My DD has been stealing at school

Anonymous
Anonymous wrote:Is she an only child? Theft is a denial of ownership. Most kids learn this early if they have siblings. At home, I would start defining clear property boundaries. Ask for permission to play with her doll, make her ask for permission to play with mama‘s makeup brushes. She needs to understand that she may not touch other people’s things without their consent.


I was an only child and I guarantee you that most only children understand the concept of ownership by the time they start school. If anything, they are probably more particular about it because they haven’t had to share as much. In this case, OPs daughter wssn’t confused about boundaries. If she had been, she would have just grabbed the objectd and been confused when the owner protested. OPs daughter was fully aware she wasn’t supposed to touch things without consent which is why she plotted to do so in secret and why she returned an item when she feared discovery.
Anonymous
Anonymous wrote:I would not be okay with backpack searching. Yes your DD was wrong but I would address this with the principal as it’s a violation of privacy.


It wasn't a violation of privacy because the teacher had reasonable suspicion about the child taking the items.
Anonymous
Are these kids' own stuffed animals from home? That they are presumably very attached to?

Your DD needs to learn the consequences of her actions and how badly they are hurting other people.
Anonymous
Anonymous wrote:I would not be okay with backpack searching. Yes your DD was wrong but I would address this with the principal as it’s a violation of privacy.


No it isn't. Schools have long had the right to search lockers, backpacks, etc. The Supreme Court ruled on this in 1985. The school just needs a reasonable suspicion which they had due to OP's DD's behavior and circumstantial evidence. If OP says this to the principal she is going to look like an idiot and That Parent, trying to deflect a serious problem with her child by attacking others over nothing.
Anonymous
How is this a question? Yes, you come down hard. No friends/no activities/no electronics for a week. Written apology to the teacher.
Anonymous
Anonymous wrote:Is she an only child? Theft is a denial of ownership. Most kids learn this early if they have siblings. At home, I would start defining clear property boundaries. Ask for permission to play with her doll, make her ask for permission to play with mama‘s makeup brushes. She needs to understand that she may not touch other people’s things without their consent.


Wow, only's know this. You are nasty.
Anonymous
Anonymous wrote:Are these kids' own stuffed animals from home? That they are presumably very attached to?

Your DD needs to learn the consequences of her actions and how badly they are hurting other people.


Yes, she stated the kids get to sometimes bring stuffed animals to school as a reward, and her DD was stealing them.
Anonymous
How did she get away with this for so long?

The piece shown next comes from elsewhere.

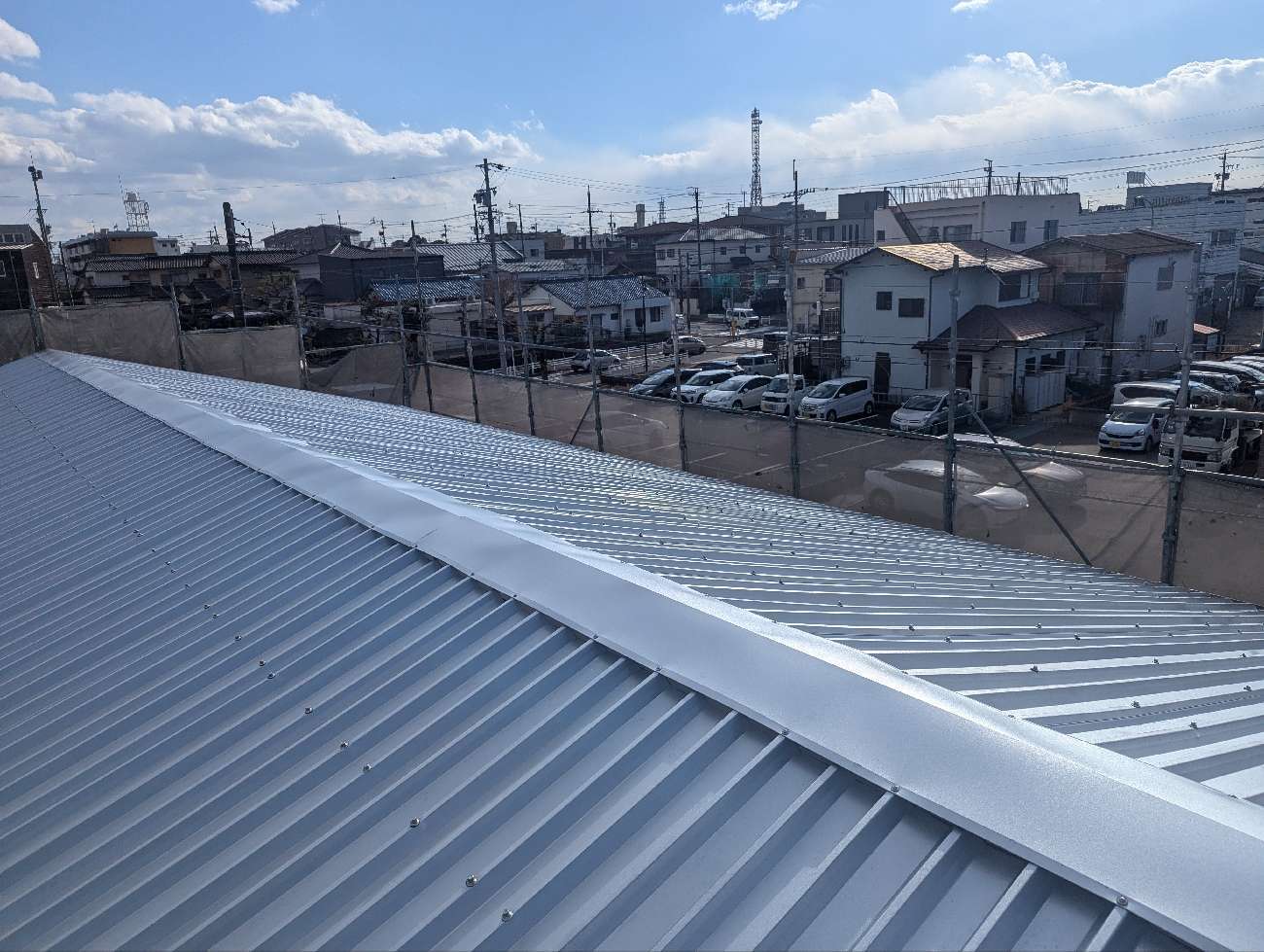 折板屋根で強固になった屋根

I’d be concerned about supervision.
Anonymous
Anonymous wrote:How did she get away with this for so long? I’d be concerned about supervision.


Read the OP- she was going to the restroom right before lunch then slipping back into the classroom to grab her lunchbox and steal.
Anonymous
I would have her write notes of apology to those she stole from. No need to embarrass her in front of the class. I’d punish with no electronics for a week.
Anonymous
Anonymous wrote:I would not be okay with backpack searching. Yes your DD was wrong but I would address this with the principal as it’s a violation of privacy.

GTFO
Anonymous
OP here, My DD said today she helped the teacher sort out whose stuff was whose while the class was at specials and the teacher did not tell the students she stole the stuff. She did however have to eat in the principals office at lunch.
Anonymous
Anonymous wrote:
Anonymous wrote:I would not be okay with backpack searching. Yes your DD was wrong but I would address this with the principal as it’s a violation of privacy.

GTFO



Maybe it’s the fact that it was the student teacher who searched the backpack?
Anonymous
Anonymous wrote:
Anonymous wrote:
Anonymous wrote:I would not be okay with backpack searching. Yes your DD was wrong but I would address this with the principal as it’s a violation of privacy.

GTFO



Maybe it’s the fact that it was the student teacher who searched the backpack?


That doesn't matter.
Anonymous
An apology not to each child she took something from along with a verbal I'm sorry to each one. She knew she was making her classmates cry and kept doing in. She was not sorry she did it. She is sorry she got caught.